Dennis MacShane, Britain's minister for Europe, said in a statement that anti-American sentiment in European capitals must not be allowed to "contaminate the construction of the European Union and its enlargement."
A summit, he said, was essential "so that we can unite to stop those forces which are seeking to divide Europe still further and exclude existing and incoming member states from being full and equal partners in the E.U."
Britain has asked Greece, the current holder of the E.U. presidency, to call the summit, but a Foreign Office spokesman said the issue could also be raised informally at the sidelines of an official meeting next week.
Although he did not mention any countries by name, MacShane expressed concern that the Iraq debate might lead existing E.U. members to block the entrance of Eastern European countries into the union.
Pro-U.S. Britain and Spain have joined several Eastern European countries - which are seeking to join the E.U. - in opposing the views of France and Germany.
In response, France and Germany have threatened to block membership of Eastern European countries if they reject E.U. leadership on foreign affairs.
French President Jacques Chirac let his irritation with Eastern European nations show through last month when he said that prospective member countries should "shut up" when it comes to Iraq.
That outburst came after Defense Secretary Donald Rumsfeld characterized France and Germany as "old Europe" and said that the balance of power on the continent was shifting eastward.
"Europe is divided on Iraq," MacShane said. "But it is irresponsible to talk of referendums to stop enlargement or to talk of a Europe consisting exclusively of anti-American nations or those indifferent to the Euro-Atlantic economic and security arrangement."
"When the Iraq crisis is over, the United States and the European Union will still be there," he said. "I accept sadly that Europe cannot speak with one voice on Iraq.
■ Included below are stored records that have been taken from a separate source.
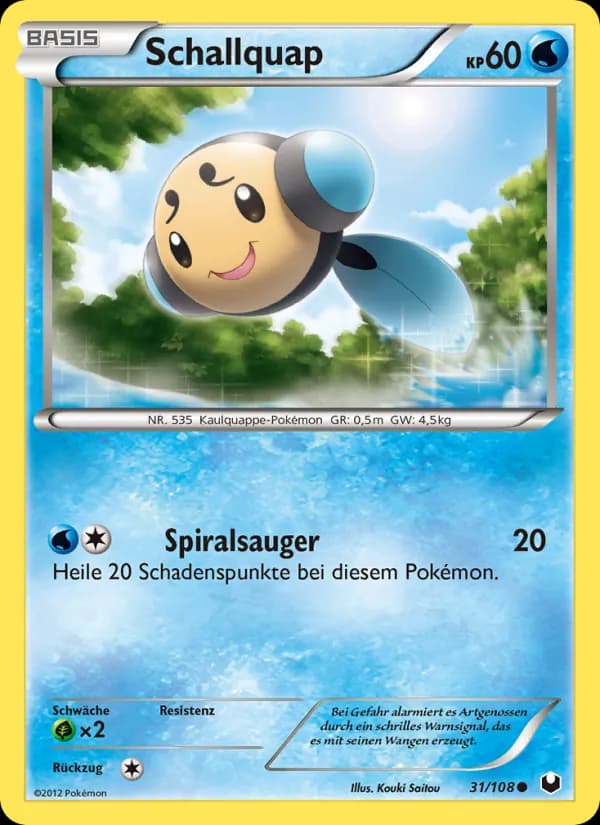 Schallquap card in German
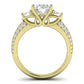 Thistle Diamond Matching Band Only ( Engagement Ring Not Included) For Ring With Oval Center yellowgold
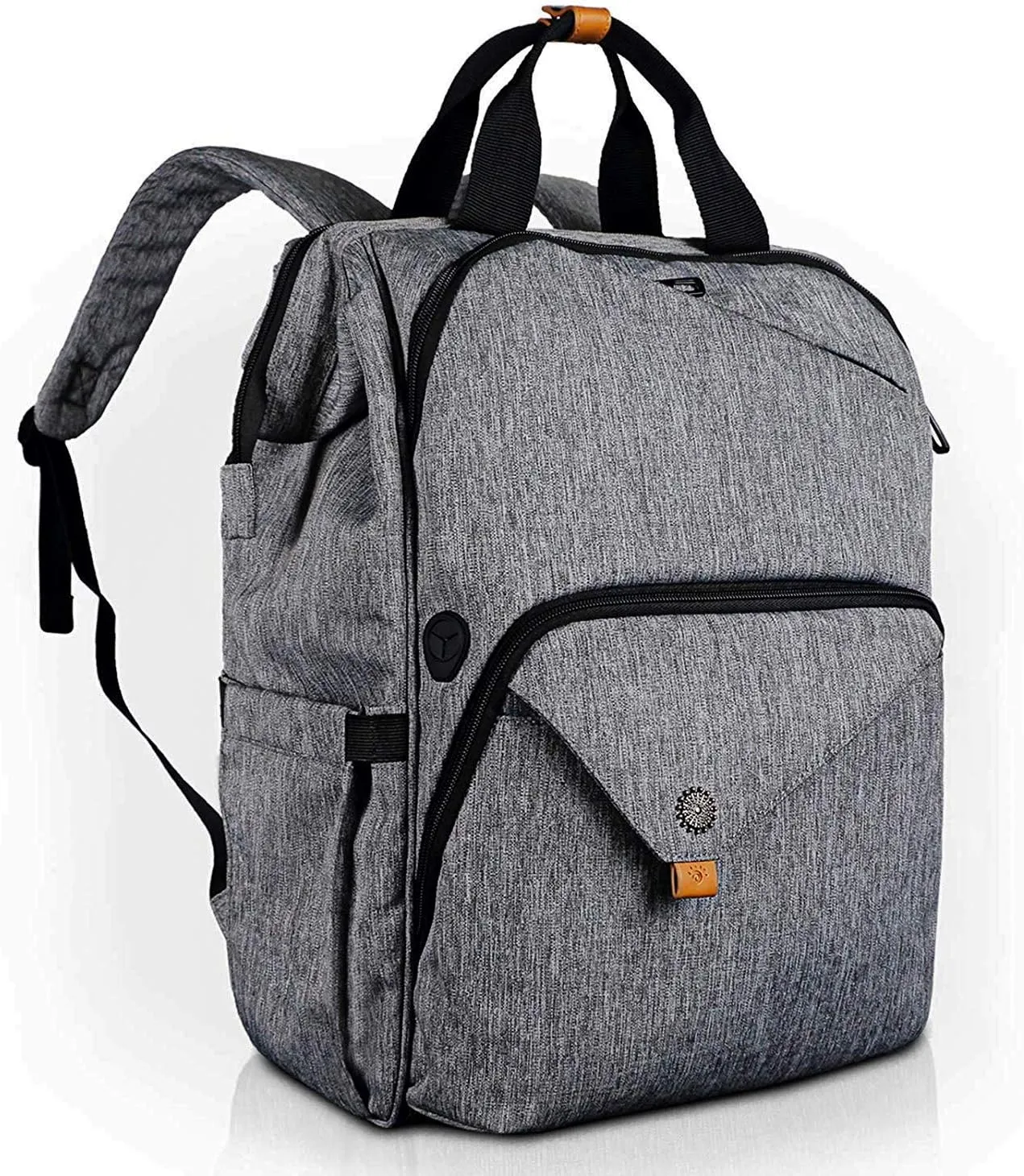 Hap Tim Travel Backpack for Women Airline Approved, Womens backpack for work, Teacher backpack, Laptop Backpack(7651-G), 15.6 inches, Grey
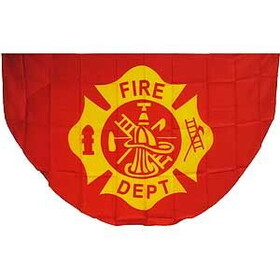 Eagle Emblems F9130 Fan-Pleated,Fire Super-Poly, (3ft x 5ft)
But we should not let that disunity turn into permanent division."
Transatlantic differences go beyond the question of what to do about Saddam Hussein, however. U.S. and E.U. officials have recently argued about steel tariffs, the Kyoto agreement and the International Criminal Court.
"Iraq is just one more point of disagreement," said Charles Grant, director of the London-based Center for European Reform.
Grant said that European leaders were reacting against perceived American unilateralism and predicted several stormy years ahead for transatlantic relations.
"It's going to be messy for several years, but it may be better in the long run," he said. "The rifts within Europe may heal quite quickly, but between the U.S. and Europe - that might take longer."